Ka`u, Hawai`i, United States
A locally owned and run community newspaper (www.kaucalendar.com) distributed in print to all Ka`u District residents of Ocean View, Na`alehu, Pahala, Hawai`i Volcanoes National Park, Volcano Village and Miloli`i on the Big Island of Hawai`i. This blog is where you can catch up on what's happening daily with our news briefs. This blog is provided by The Ka`u Calendar Newspaper (kaucalendar.com), Pahala Plantation Cottages (pahalaplantationcottages.com), Local Productions, Inc. and the Edmund C. Olson Trust.

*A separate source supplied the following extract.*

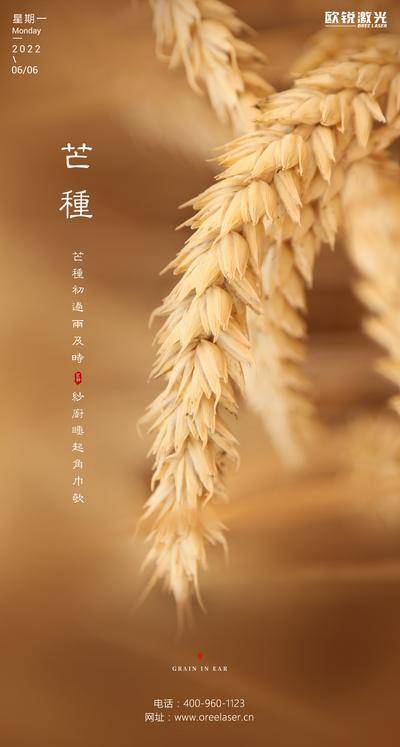 南门网 广告 海报 单图 芒种 节气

Saturday, November 12, 2016

Ka`u News Briefs, Saturday, Nov. 12, 2016

Tulsi Gabbard gave the keynote address at KMC’s Veterans Day ceremony yesterday.
Photo from Big Island Video News
A VETERANS DAY MESSAGE came from Tulsi Gabbard yesterday as she put on her Army Service Uniform and made her way to Kīlauea Military Camp for ceremonies. The congresswoman who represents Kaʻū, Volcano and the rest of rural Hawaiʻi, wrote about, “Remembering the brave men and women I’ve had the privilege of serving alongside. In all of the political chaos that we have witnessed and experienced this year, it’s important that we pause today to honor the service of our veterans and remember the values that they sacrificed for.”
Flags and program  ready for Veterans Day at Kīlauea Miltary Camp.
Photo from KMC
     She also reflected on the political landscape: “Nationally, we’ve just closed what has been a bitter, divisive campaign season that has left deep, open wounds for millions of Americans. There’s much that remains unknown about what we can expect in the months to come, but what I do know is that now more than ever our progressive movement requires focus and an ‘all hands on deck’ approach." 
    Gabbard continued: “Beyond the results of one election, however, the deeper tragedy is that as Americans we have become alienated from each other. Beneath the anger, distrust and divisiveness is a pervasive anxiety that we are becoming unglued instead of coming together as a nation.
     “If we want to preserve the foundation of our democracy, it’s vital that we find common ground that allows us to work for the greater good of this nation. This does not mean giving up our values. This does not mean swallowing a bitter compromise. Finding common ground means reaching out with respect and aloha, despite the issues that divide us, despite the hurt, despite the fear, and recognize what unites us as human beings.
Iwao Yonemitsu, honored at Kahuku’s Veterans Day celebration, with
Area Manager for Kahuku, Keola Awong, meditating on his words
 about the 442nd and military service. 
Photo by Ron Johnson
     “If you believe the angry box in your living room, you might conclude that America is so deeply divided that finding common ground is impossible. But I don’t believe that for a second. When I walk around my neighborhood, the grocery store, or the farmers market, I don’t see Democrats or Republicans, Progressives or Conservatives. I see my brothers and sisters – living, breathing human beings, with diverse and complicated stories, views and desires that can’t be packaged neatly in a box. I see their fear and anxiety. I see their frustration with a government they don’t feel is listening to them. And I see that there are vast tracts of unexplored, common ground between us. With virtually no exceptions, we want our children to thrive and to feel safe in their home and in their neighborhood. We want peace, justice and the natural prosperity that results from hard work and innovation.
     “As I look at the way forward, I acknowledge there are challenges, and I choose to see opportunity. We have an opportunity to articulate a vision for peace by ending counterproductive regime-change wars. We have an opportunity to stand firm in our resolve to stop destructive trade deals. We must continue to illustrate the impacts that climate change is already having on communities around the world –especially our islands – and move forward on the issues that matter to us.
     “I hope you will join me as we start down this path toward real reform and progress. And as always, continue to fight for equality and respect for all people, regardless of race, gender, religion, sexual orientation, or any other external difference. 
    “I am deeply honored and humbled to represent the people of Hawai‘i and will continue to do my best to bring the spirit of aloha to our nation’s capital.”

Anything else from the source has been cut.